Short text fragments from websites:
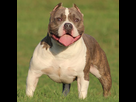 https://image.noelshack.com/fichiers/2023/22/4/1685634708-american-bully.jpg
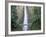 Bridge, Multnomah Falls, Columbia Gorge, Oregon, USA-Walter Bibikow-Framed Photographic Print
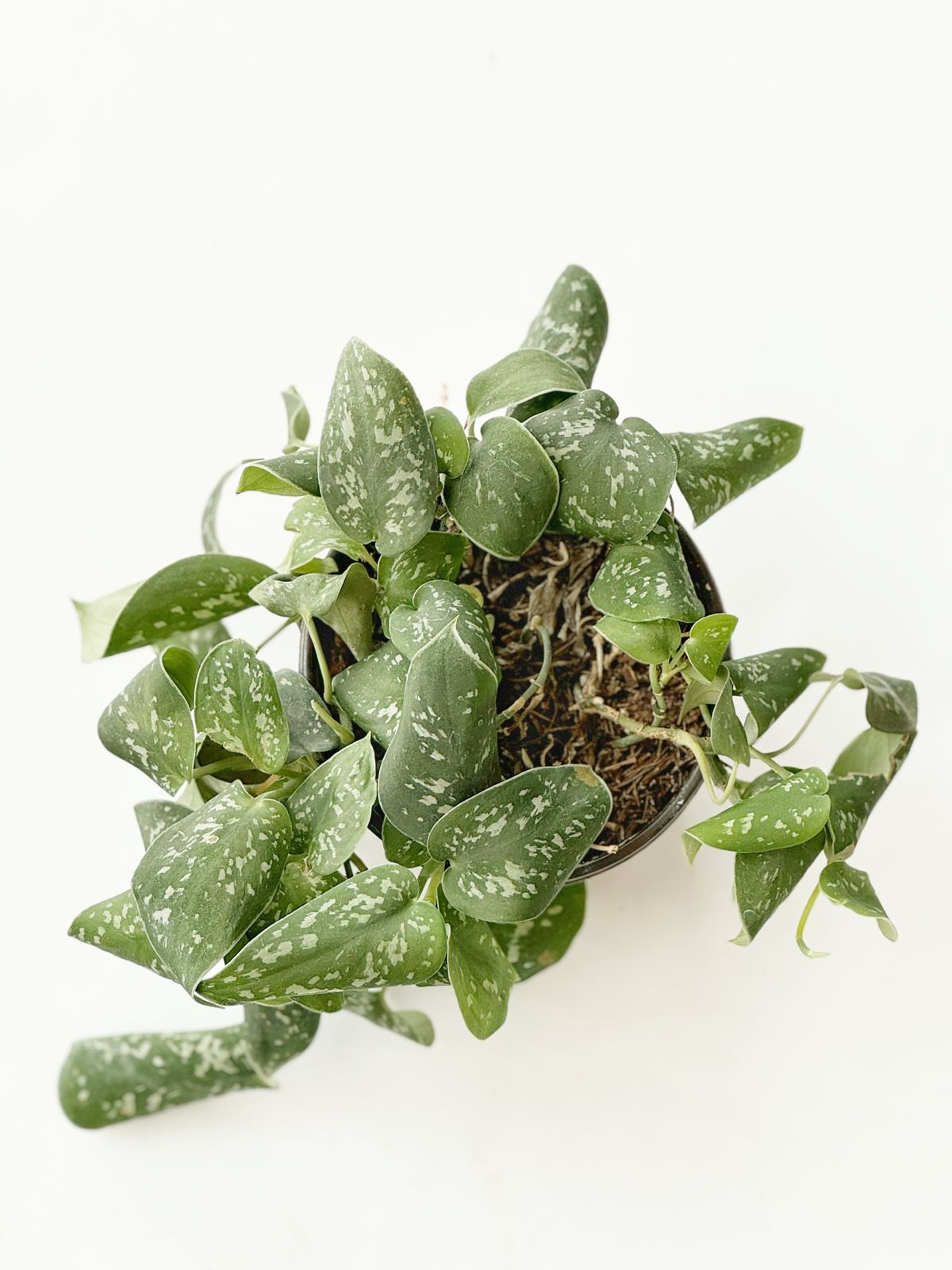 Scindapsus Pictus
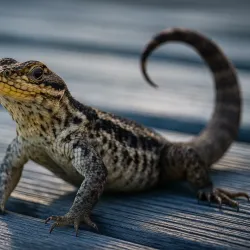Exuma Cays Land and Sea Park - George Town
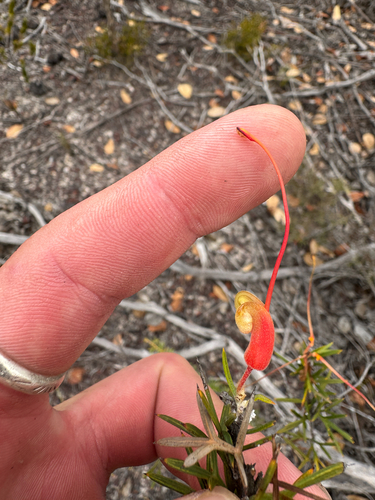 Grevillea tripartita, photograph 4
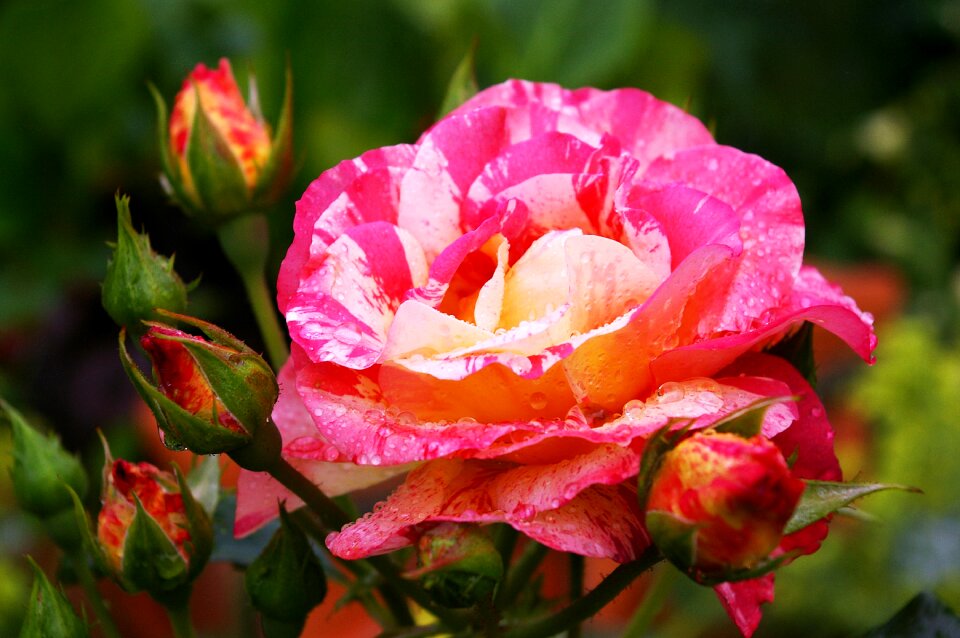 Bloom yellow red rose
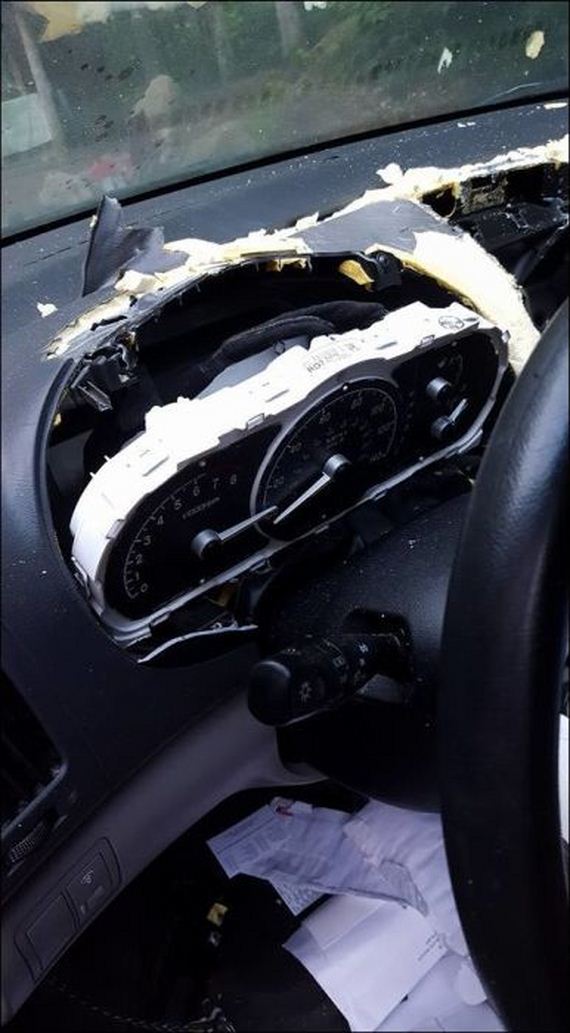 bear_car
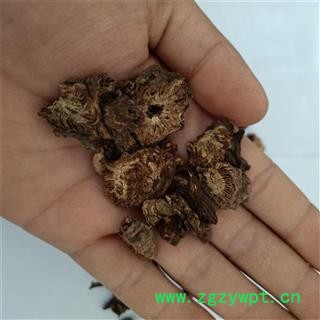 产地直销 羌活【广生堂中药材】批发零售中药材四川羌活500 g图4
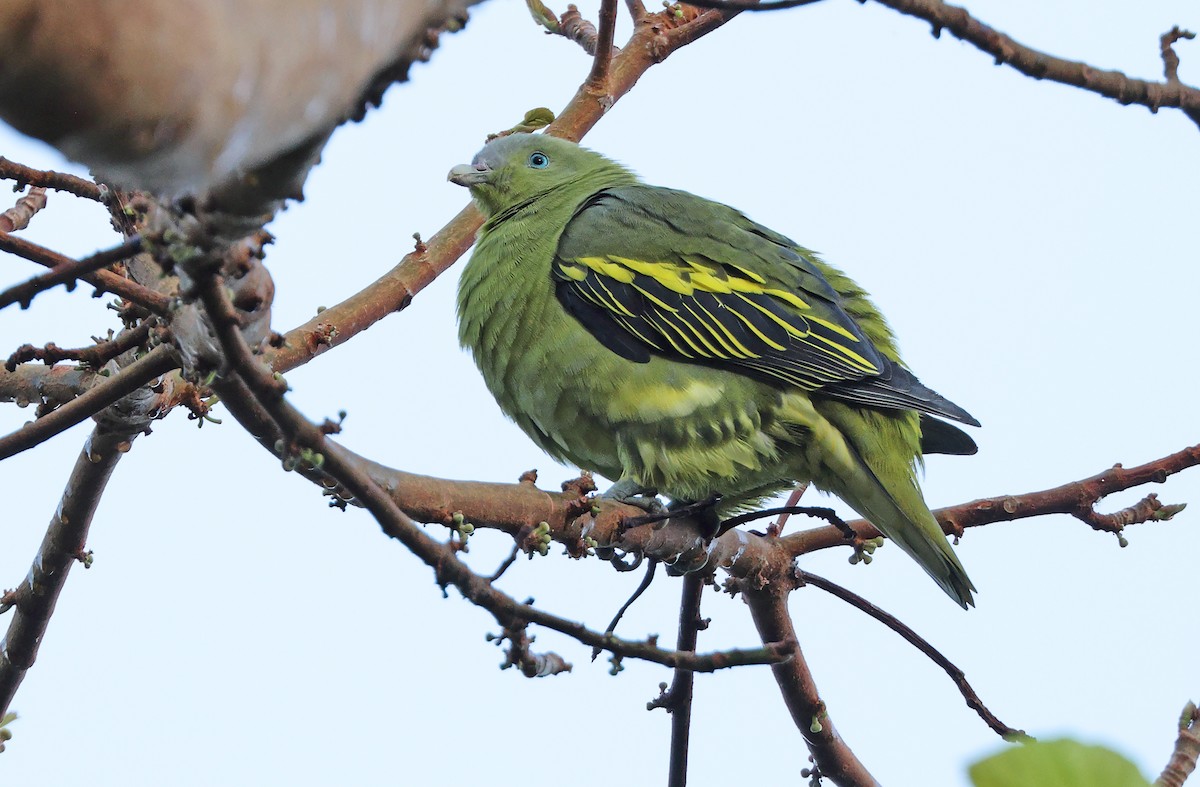 Philippine Green-Pigeon - Robert Hutchinson / Birdtour Asia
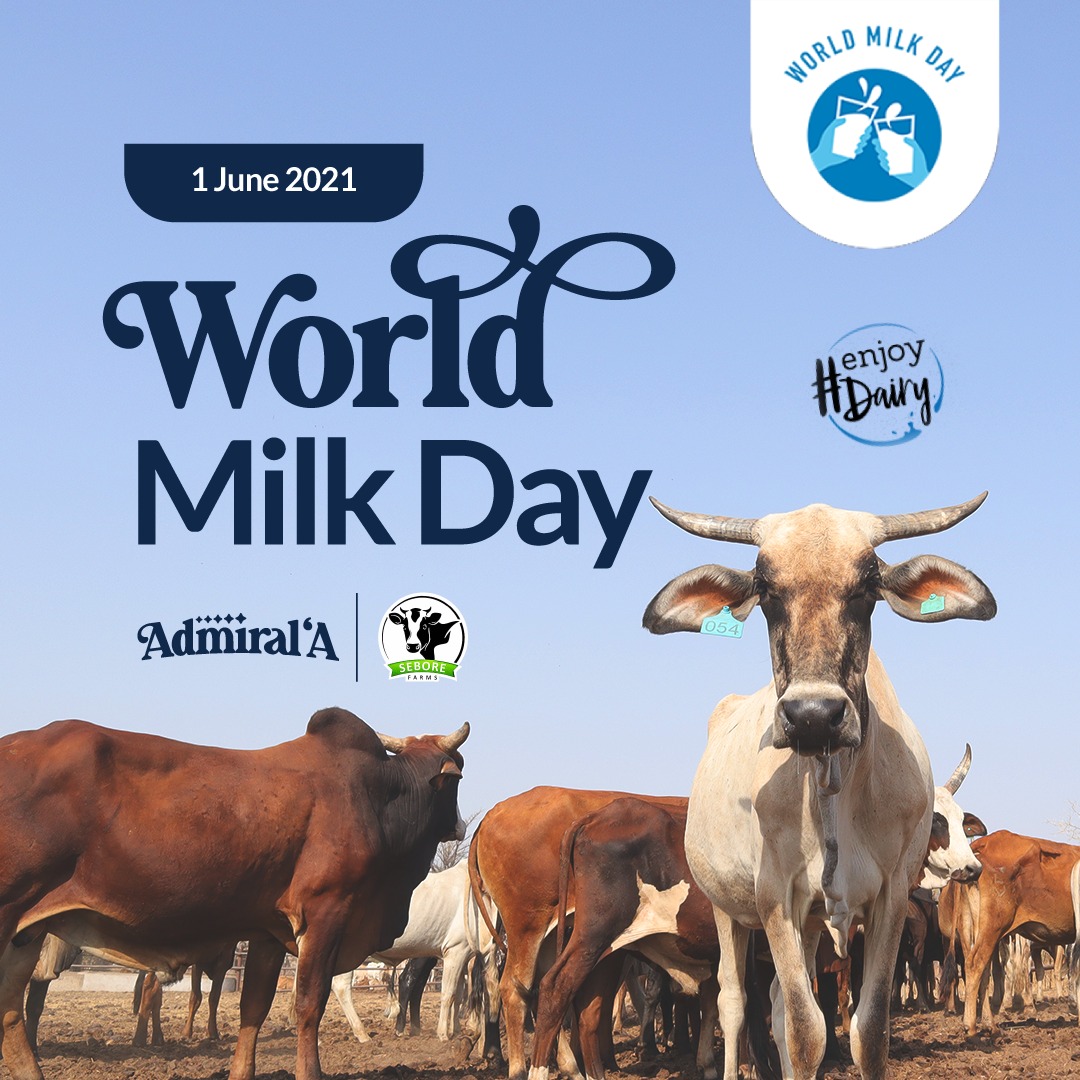SeboreGroup's tweet photo. On this day we celebrate our dairy farmers and host communities who provide high quality milk for our foremost product: Admiral'A Yoghurt. Happy World Milk Day! #WorldMilkDay #EnjoyDairy #AdmiralA https://t.co/NuQgfRS3OI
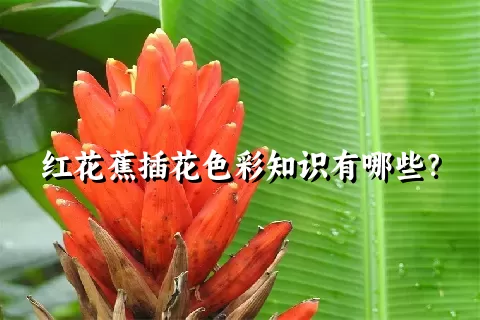 红花蕉插花色彩知识有哪些？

**WHAT TO PRODUCE**
The response should repeat each record precisely and contain no pictures.

**EXERCISE ANSWER**
 https://image.noelshack.com/fichiers/2023/22/4/1685634708-american-bully.jpg
 Bridge, Multnomah Falls, Columbia Gorge, Oregon, USA-Walter Bibikow-Framed Photographic Print
 Scindapsus Pictus
Exuma Cays Land and Sea Park - George Town
 Grevillea tripartita, photograph 4
 Bloom yellow red rose
 bear_car
 产地直销 羌活【广生堂中药材】批发零售中药材四川羌活500 g图4
 Philippine Green-Pigeon - Robert Hutchinson / Birdtour Asia
SeboreGroup's tweet photo. On this day we celebrate our dairy farmers and host communities who provide high quality milk for our foremost product: Admiral'A Yoghurt. Happy World Milk Day! #WorldMilkDay #EnjoyDairy #AdmiralA https://t.co/NuQgfRS3OI
 红花蕉插花色彩知识有哪些？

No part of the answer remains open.